YOUR OBJECTIVE
Output, verbatim and without pictures, the lines from the first line of the listing through the line containing "Used 2024 Tesla Model 3 RWD image 18".

+ + + +

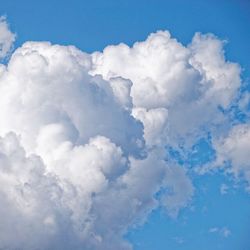 Low angle view of cloudy sky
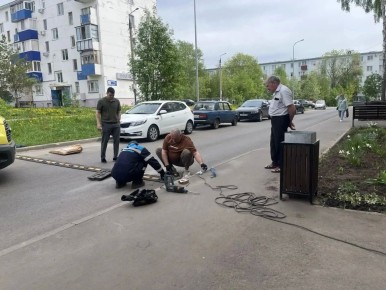 Нижнекамцы обезопасили свой двор благодаря «лежачему полицейскому»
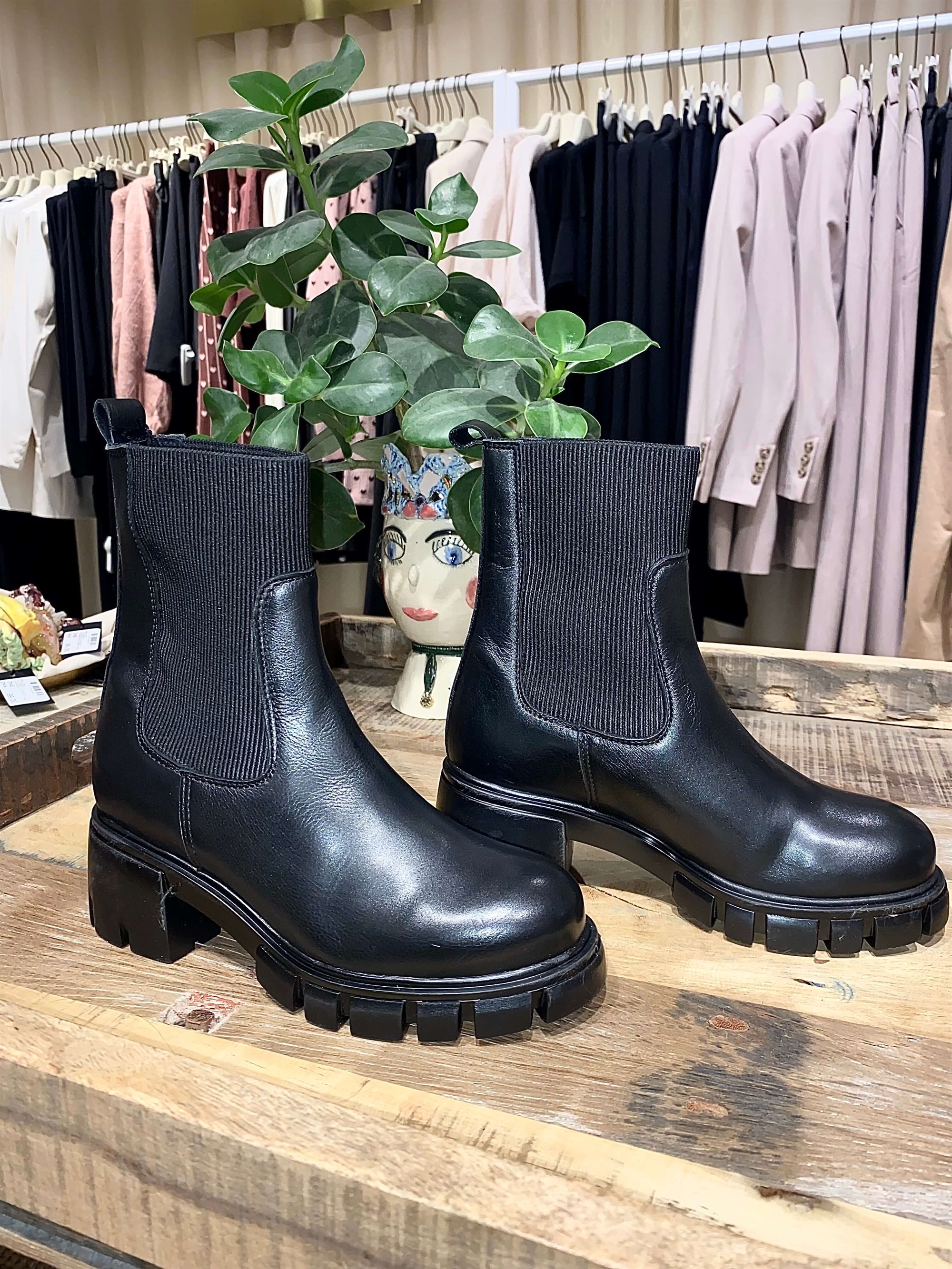 ELENA Boots, Black fra Pavement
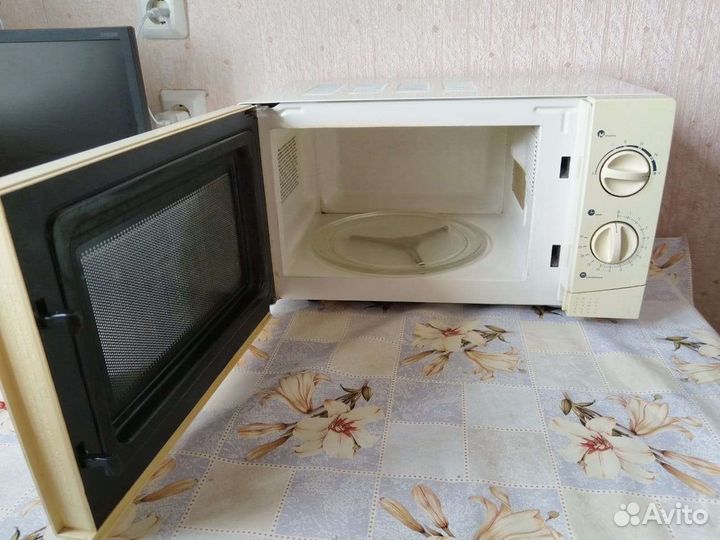 Микроволновая печь rolsen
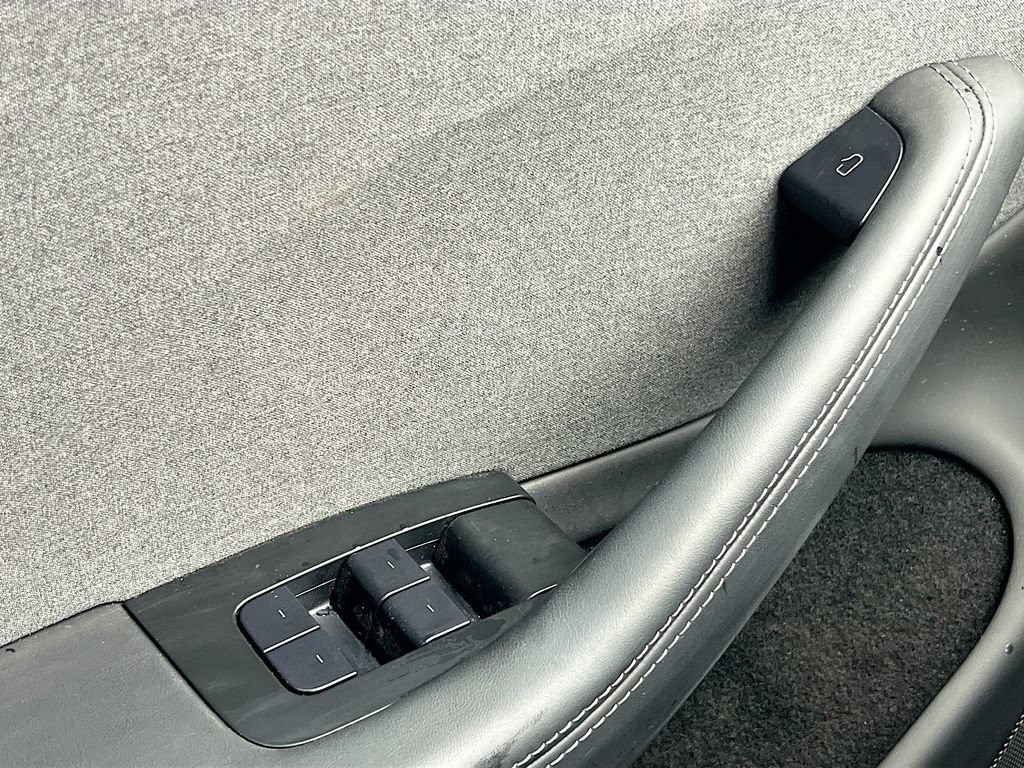 Used 2024 Tesla Model 3 RWD image 18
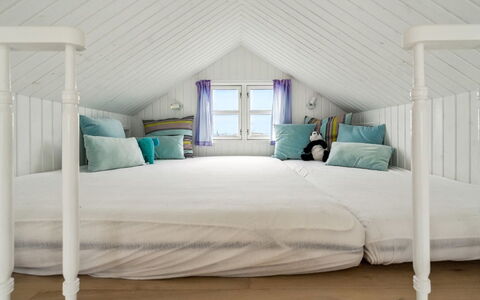 Ofrath - 5M from the Sea: Furniture, Interior Design, Floor, Flooring, Wall, Bedroom, Wood, Bed, Ceiling, Textile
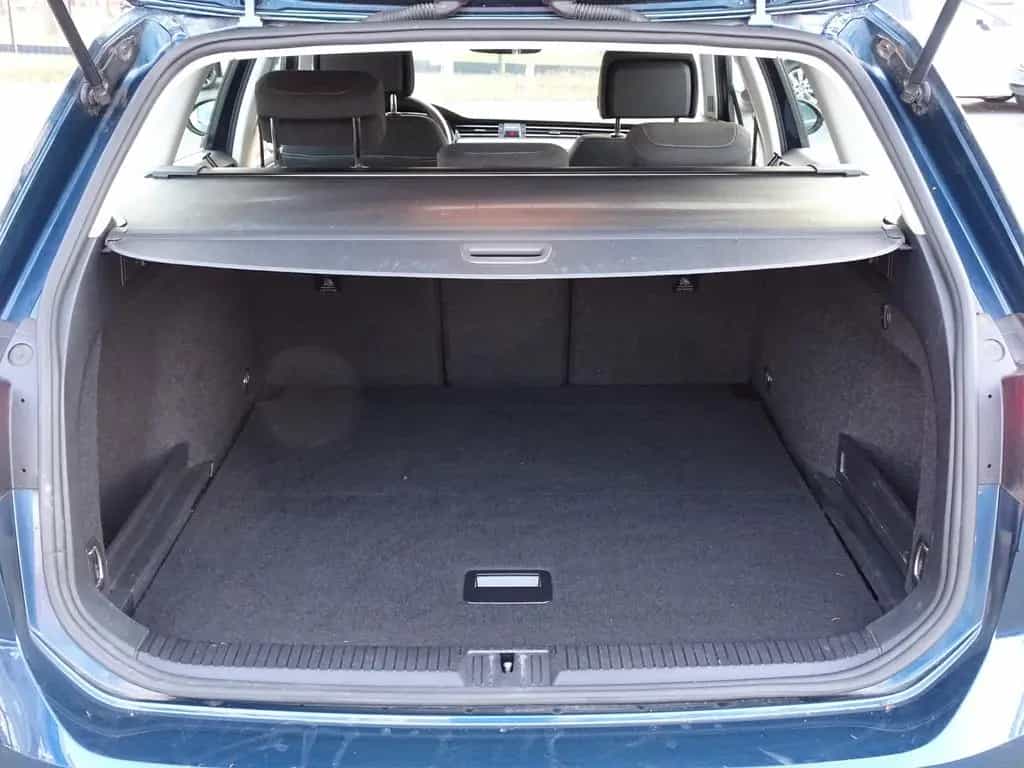 Volkswagen Passat Variant 1.5 16V TSI Business LED ACC Navi 02/2021-photo-31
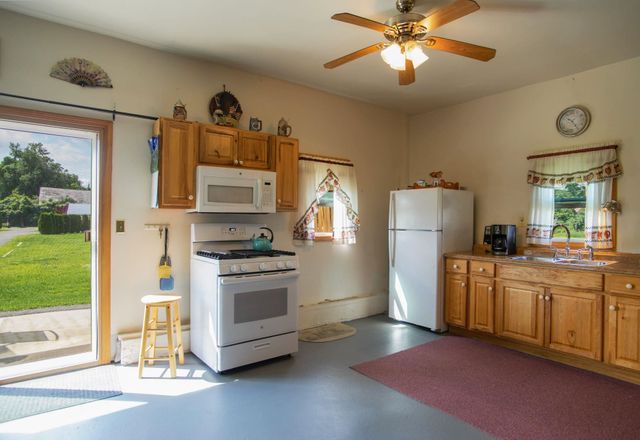 1877 Fort Bridgman Road, Vernon, VT 05354
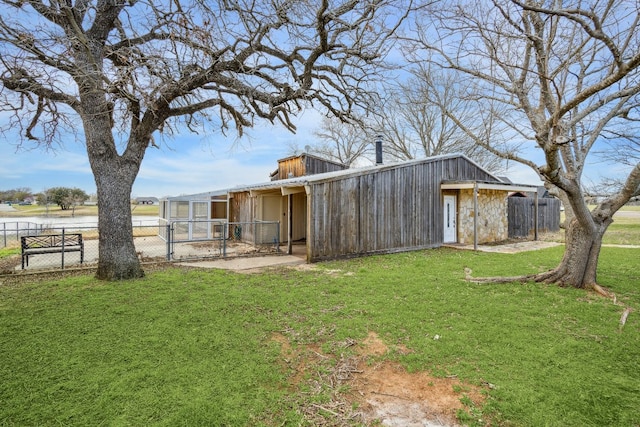 view of yard featuring an outdoor structure and fence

+ + + +

RESPONSE
 Low angle view of cloudy sky
 Нижнекамцы обезопасили свой двор благодаря «лежачему полицейскому»
 ELENA Boots, Black fra Pavement
 Микроволновая печь rolsen
 Used 2024 Tesla Model 3 RWD image 18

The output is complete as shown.